When you sign up, you’re really signing up as a shopper, not a seller, so you’re going to be asked some clothing questions such as dress size and fashion preferences.
I have no desire to share my dress size and therefore am not a fan of the questions.
Poshmark also wants a profile photo. While I understand something like this builds a community, I don’t like sharing my photo. It makes the experience feel more personal than I want it to be.
These are all personal issues, but since this is a review, there you go.
Listing on Poshmark
Listing on Poshmark is also pretty easy.
Take a picture and then add in details, such as size, color, brand, etc.
For Poshmark items, you also want to list what you paid for the item. For example, if you bought your dress for $100 new, but list it on Poshmark for $20 used, then Poshmark gets to put an 80% discount on the listing. I guess this makes buyers feel like they’re getting a good deal.
I posted four items on Poshmark and have yet to make a sale, but I have built a following. I have a number of people following my “store” waiting to see what I offer up next.
What I’ve learned from the experience is that Poshmark isn’t really designed for the casual seller. If you’re looking for that kind of sale, you’re better served going to your local secondhand store. (As much as I’m loathed to say it, you can also consider ThredUp, though read my warning review first.)
However, if you’re into the idea of a mini online store, Poshmark might be for you.
Once someone buys your item, Poshmark will send you a pre-paid shipping label. You ship the item to the buyer and once it’s received, Poshmark releases your payment less its commission.
The company outlines its fees clearly on its website saying:
“For all sales under $15, Poshmark takes a flat commission of $2.95. You keep the rest. For sales of $15 or more, you keep 80% of your sale and Poshmark’s commission is 20%.”
You can spend the money you receive on Poshmark or ask for the funds to be released into your bank account.
The Bottom Line
Poshmark is not for me. I don’t want a store. However, if you’re into fashion and want to have your own mini business, you go girl…or guy!
- Posting is easy. Take a picture and add a few details and you’re set.

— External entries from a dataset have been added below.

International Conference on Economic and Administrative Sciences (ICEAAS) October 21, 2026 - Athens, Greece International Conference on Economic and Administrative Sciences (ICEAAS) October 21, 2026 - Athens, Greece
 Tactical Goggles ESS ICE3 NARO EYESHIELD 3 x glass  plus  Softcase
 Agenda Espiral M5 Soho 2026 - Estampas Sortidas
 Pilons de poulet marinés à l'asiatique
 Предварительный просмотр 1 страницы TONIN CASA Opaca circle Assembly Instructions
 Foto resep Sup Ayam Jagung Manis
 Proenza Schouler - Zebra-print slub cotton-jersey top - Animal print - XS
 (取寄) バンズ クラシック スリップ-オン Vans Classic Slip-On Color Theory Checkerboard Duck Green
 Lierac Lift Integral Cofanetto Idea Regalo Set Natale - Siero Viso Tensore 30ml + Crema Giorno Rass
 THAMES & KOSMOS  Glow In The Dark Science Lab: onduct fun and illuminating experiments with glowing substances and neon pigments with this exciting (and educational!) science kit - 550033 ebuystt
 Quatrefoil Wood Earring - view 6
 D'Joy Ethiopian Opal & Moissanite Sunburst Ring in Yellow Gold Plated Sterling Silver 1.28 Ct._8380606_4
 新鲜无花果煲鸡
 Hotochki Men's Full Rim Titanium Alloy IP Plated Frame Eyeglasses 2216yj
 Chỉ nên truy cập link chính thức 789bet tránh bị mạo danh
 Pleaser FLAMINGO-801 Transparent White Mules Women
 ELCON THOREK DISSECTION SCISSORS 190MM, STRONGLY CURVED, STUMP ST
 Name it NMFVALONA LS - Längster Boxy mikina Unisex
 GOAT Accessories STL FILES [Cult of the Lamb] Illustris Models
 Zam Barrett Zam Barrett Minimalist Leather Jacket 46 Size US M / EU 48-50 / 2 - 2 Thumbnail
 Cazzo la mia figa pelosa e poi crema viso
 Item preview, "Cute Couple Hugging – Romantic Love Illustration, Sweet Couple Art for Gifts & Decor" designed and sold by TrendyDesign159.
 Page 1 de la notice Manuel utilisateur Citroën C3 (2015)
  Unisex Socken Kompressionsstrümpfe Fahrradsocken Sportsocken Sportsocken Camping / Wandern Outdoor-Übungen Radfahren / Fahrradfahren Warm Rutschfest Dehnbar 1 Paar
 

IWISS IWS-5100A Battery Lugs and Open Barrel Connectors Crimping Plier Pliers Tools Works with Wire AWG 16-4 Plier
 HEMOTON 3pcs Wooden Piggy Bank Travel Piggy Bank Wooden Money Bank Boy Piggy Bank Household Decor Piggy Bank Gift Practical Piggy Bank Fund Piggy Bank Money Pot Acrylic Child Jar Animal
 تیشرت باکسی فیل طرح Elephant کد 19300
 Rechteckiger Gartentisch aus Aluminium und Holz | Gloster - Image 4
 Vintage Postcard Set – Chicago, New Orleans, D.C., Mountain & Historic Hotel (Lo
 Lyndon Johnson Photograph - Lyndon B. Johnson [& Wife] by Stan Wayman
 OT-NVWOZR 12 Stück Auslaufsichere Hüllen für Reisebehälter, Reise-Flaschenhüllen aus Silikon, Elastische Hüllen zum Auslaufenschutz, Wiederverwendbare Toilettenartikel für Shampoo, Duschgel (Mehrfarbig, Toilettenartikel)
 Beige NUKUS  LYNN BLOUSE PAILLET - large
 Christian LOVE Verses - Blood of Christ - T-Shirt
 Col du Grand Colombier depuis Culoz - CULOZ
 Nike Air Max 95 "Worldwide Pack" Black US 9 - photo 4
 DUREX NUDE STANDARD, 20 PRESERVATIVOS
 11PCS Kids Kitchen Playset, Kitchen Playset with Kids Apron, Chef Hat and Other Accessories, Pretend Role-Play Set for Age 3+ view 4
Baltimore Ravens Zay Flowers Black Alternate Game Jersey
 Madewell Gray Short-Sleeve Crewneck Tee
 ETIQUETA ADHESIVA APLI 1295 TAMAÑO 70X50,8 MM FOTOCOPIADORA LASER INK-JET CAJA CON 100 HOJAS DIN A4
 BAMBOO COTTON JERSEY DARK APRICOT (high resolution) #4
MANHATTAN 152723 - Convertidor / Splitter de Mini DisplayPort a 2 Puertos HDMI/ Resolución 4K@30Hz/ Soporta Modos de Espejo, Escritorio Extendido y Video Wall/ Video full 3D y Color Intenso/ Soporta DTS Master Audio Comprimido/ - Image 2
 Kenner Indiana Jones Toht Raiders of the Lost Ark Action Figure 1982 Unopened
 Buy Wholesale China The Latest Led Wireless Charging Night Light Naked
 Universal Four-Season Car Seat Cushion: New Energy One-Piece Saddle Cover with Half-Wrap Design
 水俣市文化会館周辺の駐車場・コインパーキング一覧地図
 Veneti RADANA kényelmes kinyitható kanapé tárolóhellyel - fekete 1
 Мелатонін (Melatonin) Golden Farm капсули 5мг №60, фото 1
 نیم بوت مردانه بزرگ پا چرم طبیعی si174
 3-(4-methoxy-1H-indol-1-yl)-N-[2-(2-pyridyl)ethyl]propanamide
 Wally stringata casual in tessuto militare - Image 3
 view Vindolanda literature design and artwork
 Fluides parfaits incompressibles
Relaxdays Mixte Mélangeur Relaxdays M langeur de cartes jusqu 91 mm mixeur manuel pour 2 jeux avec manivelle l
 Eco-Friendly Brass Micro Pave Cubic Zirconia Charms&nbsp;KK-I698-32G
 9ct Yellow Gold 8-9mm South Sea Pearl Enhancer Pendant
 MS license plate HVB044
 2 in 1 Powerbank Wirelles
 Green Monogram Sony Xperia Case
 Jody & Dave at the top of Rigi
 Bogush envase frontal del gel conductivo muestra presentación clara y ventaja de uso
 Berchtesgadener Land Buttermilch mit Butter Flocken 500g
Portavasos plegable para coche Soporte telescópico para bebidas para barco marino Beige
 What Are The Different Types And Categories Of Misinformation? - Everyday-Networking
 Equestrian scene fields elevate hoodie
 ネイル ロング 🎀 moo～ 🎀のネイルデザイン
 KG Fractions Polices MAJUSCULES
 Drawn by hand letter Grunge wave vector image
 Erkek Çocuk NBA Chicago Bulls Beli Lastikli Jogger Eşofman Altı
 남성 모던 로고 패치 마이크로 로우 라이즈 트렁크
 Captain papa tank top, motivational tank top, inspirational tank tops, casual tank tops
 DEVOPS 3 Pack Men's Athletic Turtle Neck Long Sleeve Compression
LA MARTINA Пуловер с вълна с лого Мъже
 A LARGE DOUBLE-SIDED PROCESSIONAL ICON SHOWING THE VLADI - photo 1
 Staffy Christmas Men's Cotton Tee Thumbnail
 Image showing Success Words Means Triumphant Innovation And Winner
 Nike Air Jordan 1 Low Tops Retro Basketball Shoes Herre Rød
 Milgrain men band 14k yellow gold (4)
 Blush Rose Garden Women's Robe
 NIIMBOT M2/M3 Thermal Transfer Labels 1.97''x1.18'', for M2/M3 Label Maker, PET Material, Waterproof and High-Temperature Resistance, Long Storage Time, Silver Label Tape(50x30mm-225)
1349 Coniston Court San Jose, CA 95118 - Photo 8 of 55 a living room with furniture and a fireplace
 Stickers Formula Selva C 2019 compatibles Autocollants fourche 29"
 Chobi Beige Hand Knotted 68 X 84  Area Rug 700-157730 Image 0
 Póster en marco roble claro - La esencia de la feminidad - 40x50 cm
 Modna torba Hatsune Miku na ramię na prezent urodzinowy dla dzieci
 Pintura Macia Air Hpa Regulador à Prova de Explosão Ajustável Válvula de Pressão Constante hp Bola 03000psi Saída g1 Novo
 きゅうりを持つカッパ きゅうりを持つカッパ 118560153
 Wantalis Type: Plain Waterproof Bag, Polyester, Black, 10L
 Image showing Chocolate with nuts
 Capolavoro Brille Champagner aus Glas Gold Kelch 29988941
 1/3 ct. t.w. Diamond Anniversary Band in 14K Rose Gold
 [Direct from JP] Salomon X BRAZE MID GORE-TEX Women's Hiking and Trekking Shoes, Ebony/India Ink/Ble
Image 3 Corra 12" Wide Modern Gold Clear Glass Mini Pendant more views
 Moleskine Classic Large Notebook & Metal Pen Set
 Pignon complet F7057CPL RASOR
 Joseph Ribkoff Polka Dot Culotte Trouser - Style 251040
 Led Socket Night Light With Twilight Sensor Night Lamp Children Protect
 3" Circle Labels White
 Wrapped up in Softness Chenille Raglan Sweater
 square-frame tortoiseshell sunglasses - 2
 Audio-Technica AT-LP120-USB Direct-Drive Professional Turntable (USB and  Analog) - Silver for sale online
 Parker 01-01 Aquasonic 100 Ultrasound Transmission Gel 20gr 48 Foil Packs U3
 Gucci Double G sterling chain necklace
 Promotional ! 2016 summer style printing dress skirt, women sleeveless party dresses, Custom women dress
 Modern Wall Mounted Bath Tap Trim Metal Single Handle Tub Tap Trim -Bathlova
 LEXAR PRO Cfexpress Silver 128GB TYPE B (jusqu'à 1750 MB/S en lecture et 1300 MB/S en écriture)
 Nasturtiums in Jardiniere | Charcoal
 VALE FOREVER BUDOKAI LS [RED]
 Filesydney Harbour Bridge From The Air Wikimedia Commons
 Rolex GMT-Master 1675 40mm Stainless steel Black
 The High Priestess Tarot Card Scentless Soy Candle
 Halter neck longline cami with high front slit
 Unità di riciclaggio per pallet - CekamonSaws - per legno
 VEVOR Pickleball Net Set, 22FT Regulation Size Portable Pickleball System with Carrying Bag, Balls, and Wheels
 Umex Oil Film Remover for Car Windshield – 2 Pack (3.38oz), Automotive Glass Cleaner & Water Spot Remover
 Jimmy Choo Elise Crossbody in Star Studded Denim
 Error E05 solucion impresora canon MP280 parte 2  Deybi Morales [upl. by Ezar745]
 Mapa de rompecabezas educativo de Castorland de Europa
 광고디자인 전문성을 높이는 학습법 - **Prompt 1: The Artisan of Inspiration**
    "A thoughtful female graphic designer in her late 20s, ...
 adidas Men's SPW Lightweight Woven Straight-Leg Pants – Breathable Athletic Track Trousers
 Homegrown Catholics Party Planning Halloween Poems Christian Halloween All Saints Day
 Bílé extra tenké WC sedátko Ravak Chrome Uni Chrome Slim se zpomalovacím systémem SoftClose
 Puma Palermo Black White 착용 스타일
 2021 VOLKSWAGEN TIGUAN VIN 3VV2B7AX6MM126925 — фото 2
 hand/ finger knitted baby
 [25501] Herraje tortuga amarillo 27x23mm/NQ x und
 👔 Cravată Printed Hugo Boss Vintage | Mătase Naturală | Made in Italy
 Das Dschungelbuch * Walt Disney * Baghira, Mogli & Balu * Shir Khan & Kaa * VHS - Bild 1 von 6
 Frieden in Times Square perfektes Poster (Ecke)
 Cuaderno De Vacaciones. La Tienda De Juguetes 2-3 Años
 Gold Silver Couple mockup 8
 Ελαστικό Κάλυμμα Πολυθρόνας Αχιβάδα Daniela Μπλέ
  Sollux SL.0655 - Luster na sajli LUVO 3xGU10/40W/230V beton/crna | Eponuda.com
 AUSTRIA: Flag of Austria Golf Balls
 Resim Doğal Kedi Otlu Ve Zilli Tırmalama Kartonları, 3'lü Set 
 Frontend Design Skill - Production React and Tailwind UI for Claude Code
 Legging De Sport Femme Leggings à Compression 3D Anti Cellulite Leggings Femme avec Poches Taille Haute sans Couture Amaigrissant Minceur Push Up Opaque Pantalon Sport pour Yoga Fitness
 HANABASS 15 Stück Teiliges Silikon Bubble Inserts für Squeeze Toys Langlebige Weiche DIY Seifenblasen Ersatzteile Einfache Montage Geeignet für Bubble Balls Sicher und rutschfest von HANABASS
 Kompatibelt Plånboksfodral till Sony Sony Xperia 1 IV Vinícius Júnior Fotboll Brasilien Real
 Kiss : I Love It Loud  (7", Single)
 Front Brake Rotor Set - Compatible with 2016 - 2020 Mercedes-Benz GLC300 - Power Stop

- There are no upfront fees.
- It’s a lot more work than I want to do. I don’t want or need to build an online fashion store.
- It’s all about building the community. Following sellers, getting sellers to follow you. It’s like its own time consuming social media site.
- Well, I haven’t sold anything yet!
Poshmark is totally kid-friendly and as far as I can tell, you get out of it what you put into it. The more you try and sell your clothes to the Poshmark community, the more likely you are to make a sale. Ultimately, it’s about whether a fashion site like this interests you.